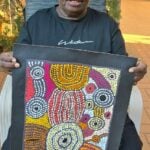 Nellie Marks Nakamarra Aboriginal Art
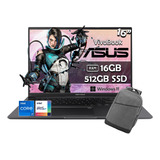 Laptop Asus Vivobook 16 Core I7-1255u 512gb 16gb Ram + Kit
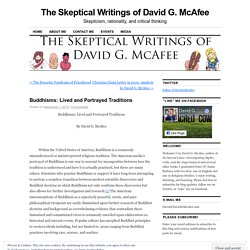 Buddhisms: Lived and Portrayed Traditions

* _TRY IT_:
Give the listing again exactly, minus its images.

* _TASK SOLUTION_:
 Nellie Marks Nakamarra Aboriginal Art
 Laptop Asus Vivobook 16 Core I7-1255u 512gb 16gb Ram + Kit
 Buddhisms: Lived and Portrayed Traditions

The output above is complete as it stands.